Such an index has been published by the Association of Engineering Societies for the past eight years. It appears monthly in the Journal of the Association, and at the end of each year all the notes of the year (some 2500) are brought together and rearranged into one annual summary. One seven-year summary of these annuals has now been published, under a single alphabetical arrangement, and bound in cloth. With such an aid it becomes possible to introduce the study of current technical literature into the schools. It is extremely important that our students should become somewhat acquainted with the most fertile sources of engineering literature while they are in college. Otherwise they may long remain in ignorance of some of the most important agencies and means of professional improvement. It is true they have little time at their disposal, and therefore they cannot afford to waste any of it in groping in the dark. They should be encouraged to purchase copies of the Current Index Summary, referred to above, or at least to use freely the copy which should be found in the school library.

The writer has found it an excellent method to have each student in the senior and fifth years to report on an assigned subject, before the entire class, occupying a half hour or an hour, the teacher taking his place with the rest of the class. Let him consult his index for

sources of information, and let him have two or three weeks in which to prepare his talk. Give him free range of the library, where most of the matter indexed should be found, and let him bring into the class such books and periodicals as he wishes to use to illustrate his lecture. He should not read from these more than very short extracts, but use their illustrations.

In this way he may have learned something useful in the subject assigned, but if not he has at least handled and looked into all sorts of engineering journals, society proceedings, monographs, reports, public documents, and the like, which would not be listed in the library catalogue, and of the existence of which he would remain in ignorance but for this forced browsing, under the guidance of his topical index.

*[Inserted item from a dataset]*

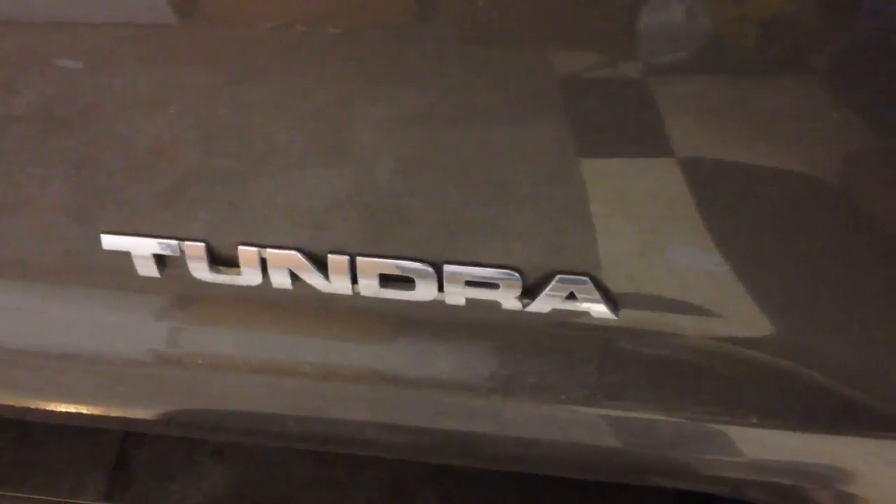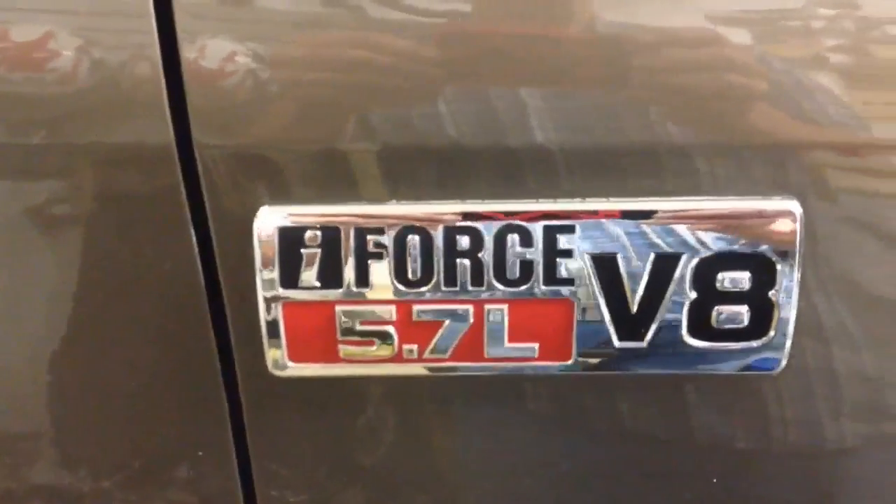Here we are. We're going to do the quick and easy install on this Tundra 5.7 of the AIP Bypass Kit. It can't get any easier than this.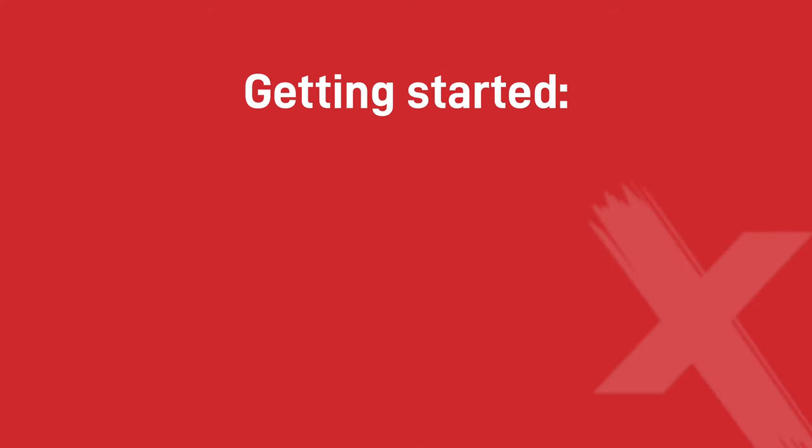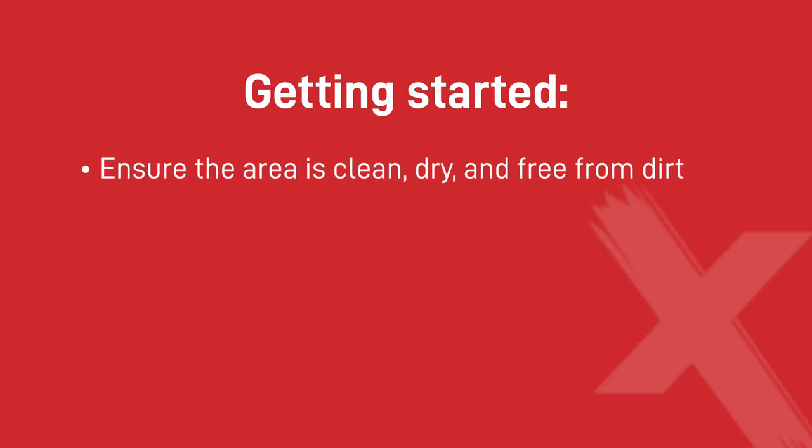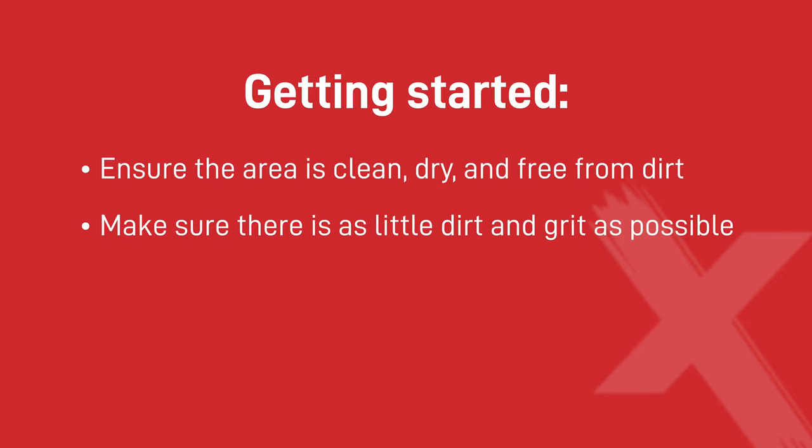Here's how to use the Colomax aerosol line marker. Getting started: ensure the area is clean, dry and free from dirt using a suitable abrasive surface cleaner. If you are marking outside, make sure there is as little dirt and grit as possible.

It is possible in this way to so interest our students in technical literature that they will acquire a thirst for it and when they graduate, and often before they get through the school, they will at once subscribe for one or more engineering journals and will want a number of good books about them; will join a local or national engineering society, and become studious and progressive men in their profession. This thirst for professional knowledge and the habit of acquiring it, or of acquiring the books and journals containing it, is a fair test of the efficiency of their school training. If they go from the school with a feeling of self-sufficiency, and a distaste for professional literature, they are doomed to narrowness and are sure to become time-servers, anxious only to hold

their positions and to draw their salaries. The best possible means of cultivating in them the true professional spirit is to open up to them in an attractive way the vast and inviting fields of current technical literature which are now so accessible and so rich in profitable information.

DISCUSSION.

(On the Papers by Professors Merriman and Johnson.)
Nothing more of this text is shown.